People read things around here that make them uncomfortable and get angry with me, or disappointed. It got me wondering, who is actually responsible when a person feels uncomfortable? I asked my husband what he thought.
My husband said the only thing that tends to makes him feel uncomfortable is when he has to put on a suit for a job interview or something like that. I thought this was funny, he’s a Taurus. But it grew my interest in this topic.
The topic is Saturn-in-Scorpio flavored in that Saturn = responsibility and Scorpio deals with un-comfort.
What kind of things make you feel uncomfortable? Who is responsible for these feelings when they arise?
Nobody but YOURSELF!!!!
My fears make me feel uncomfortable, but I own my Sh*t! Even if it’s ugly and dirty.
The thing is that not everyone can handle what a person says, it’s not your fault, even if other people try to make you feel bad.
The people who are going to accept you for who you are are the ones who can handle your degree of depth and intensity. The ones who are below the level I just mentioned are probably a bit too concerned about niceties.
Astrologically speaking, who would be excessively concerned about niceties (people with a Libra or Pisces stellium?).
I think there are some things you should be uncomfortable with! Abuse, discrimination, unsafe conditions, etc., &c. *smiles*
That being said, though, if I’m triggered by something not reasonably uncomfortable, that’s my problem to deal with.
What am I uncomfortable with right now? Feeling like I don’t measure up, and that’s been a thing for years now…
I’m uncomfortable with people fighting around me, insulting one another and knocking one another over – I think most of us with Libra are.
Ironically, this is largely due my parents, both Libras, fighting non-stop around me all my childhood (and later)
People have no right whatsoever to complain about feeling uncomfortable on someone else’s blog. That’s like me choosing to go to a boxing match for which I have free tickets, and complaining about two guys fighting.
When someone oversteps boundaries that they know are not socially acceptable but do it anyway, they are responsible. It’s a tricky question when it comes to the media because the newscasters, etc.They are in a position of responsibility. Newscasters say they are just reporting the news, but they are also responsible for the content they choose to broadcast. If they choose to report dissension and discord, that’s what will be reflected in kind in the world. One affects the other, they are not separate. Ultimately, we are all responsible for how we feel.
That ‘uncomfortable’ feeling is actually a gift. It has a purpose… it illuminates something within oneself a ‘sore spot’, an aspect of ourselves that is ready to break through, to resolve in some way.

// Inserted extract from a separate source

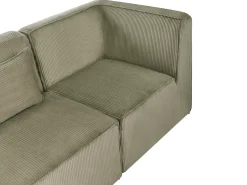 LEMVIG 4 personers Hjørnesofa modul Venstrevendt Grøn Fløjl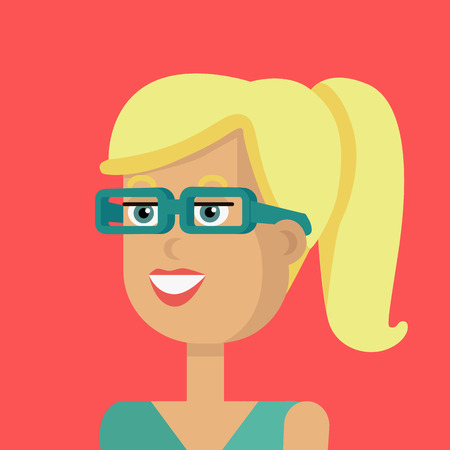 Businesswoman avatar icon isolated on red background. Woman in glasses with yellow hair. Smiling young girl personage. Flat design vector illustrationのイラスト素材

I sympathize with those that are quick to blame ‘the trigger’ rather than look within, I’ve done so myself before. I later went back and thanked the person though, once I processed it and realized what a gift it was that they provided me.
Watching guys who can’t dance but who think they’re actually awesome dancers dance makes me super uncomfortable. I’d like to blame them or at least blame the booze that somehow magically transforms their dance skills, but really I know I am the only one to blame. I believe that our reactions are 100% on us. I don’t think anyone else has the power to force us to feel a certain way.
I am uncomfortable with people bragging about their sex lives. I’m also uncomfortable around people humiliating their spouse, people who humiliate themselves when they are drunk, watching people trip.
I hate watching people trip, especially. And watching people dig around in their pants to pull out their wedgie. Awkward!
I don’t ever even really think about who is responsible for how I feel. I figure I can think and feel whatever I want, and the responsibility I take is what words leave my mouth.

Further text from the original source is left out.